We can continue to do this until we reach $49$.

$49^2 = 2401$ making $ab = 390 = 2 * 3 * 5* 13$.

$3 * 13 + 2* 5 = 49$, so one root is $10$ and another is $39$. The roots sum to zero, so the last root must be $-49$.
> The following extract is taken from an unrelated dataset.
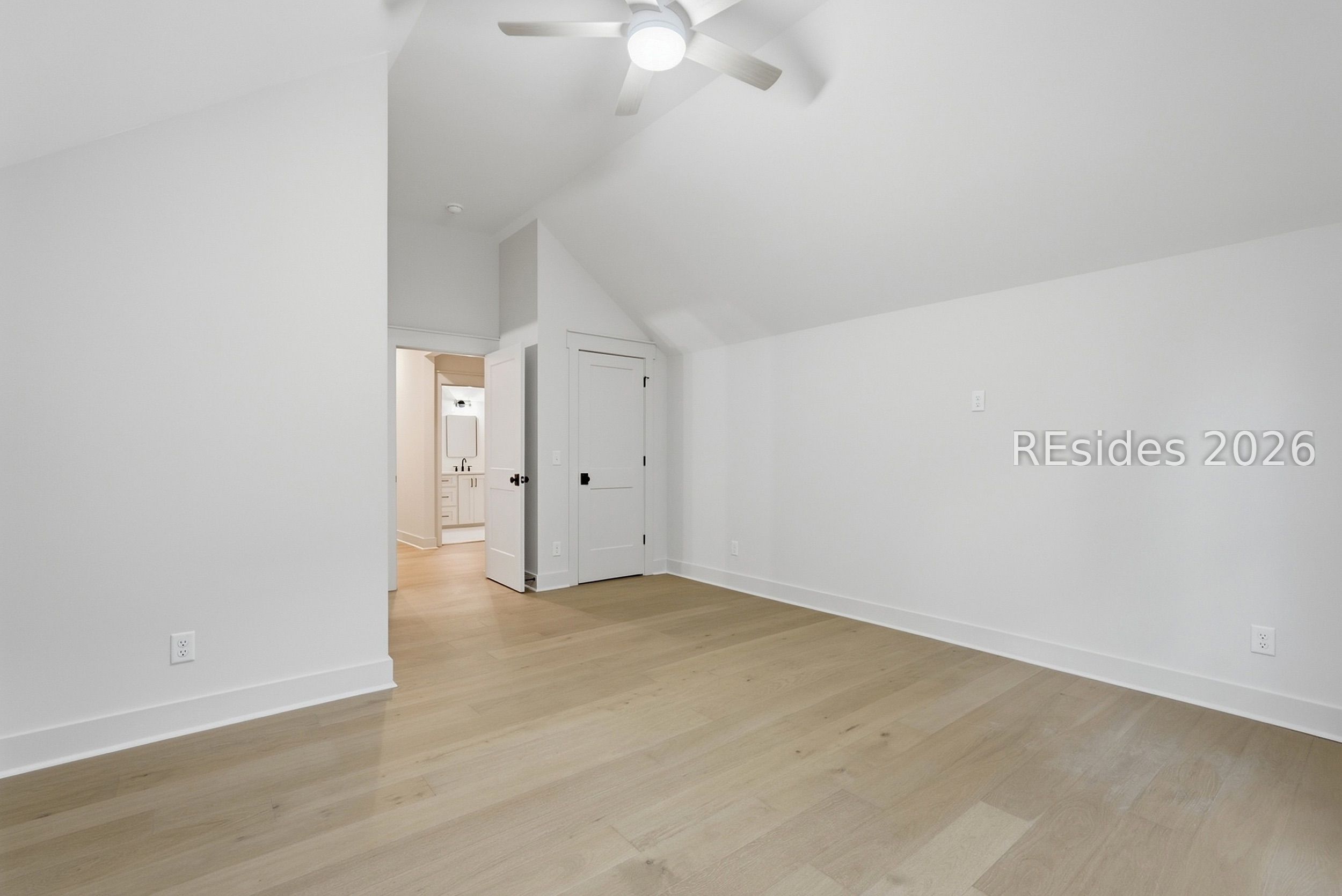 12 Oldfield Village Road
$|-49|+10+39 = \boxed{098}$.

## Solution 3

Let us first note the obvious that is derived from Vieta's formulas: $a+b+c=0, ab+bc+ac=-2011$. Now, due to the first equation, let us say that $a+b=-c$, meaning that $a,b>0$ and $c<0$. Now, since both $a$ and $b$ are greater than 0, their absolute values are both equal to $a$ and $b$, respectively. Since $c$ is less than 0, it equals $-a-b$. Therefore, $|c|=|-a-b|=a+b$, meaning $|a|+|b|+|c|=2(a+b)$. We now apply Newton's sums to get that $a^2+b^2+ab=2011$,or $(a+b)^2-ab=2011$. Solving, we find that $49^2-390$ satisfies this, meaning $a+b=49$, so $2(a+b)=\boxed{098}$.

## Solution 4

We have

$(x-a)\cdot (x-b)\cdot (x-c)=x^3-(a+b+c)x+(ab+ac+bc)x-abc$


As a result, we have

$a+b+c=0$

$ab+bc+ac=-2011$

$abc=-m$

So, $a=-b-c$

As a result, $ab+bc+ac=(-b-c)b+(-b-c)c+bc=-b^2-c^2-bc=-2011$

Solve $b=\frac {-c+\sqrt{c^2-4(c^2-2011)}}{2}$ and $\Delta =8044-3c^2=k^2$, where $k$ is an integer

Cause $89<\sqrt{8044}<90$

So, after we tried for $2$ times, we get $k=88$ and $c=10$

then $b=39$, $a=-b-c=-49$

As a result, $|a|+|b|+|c|=10+39+49=\boxed{098}$

## Note

This is a misplaced number theory problem.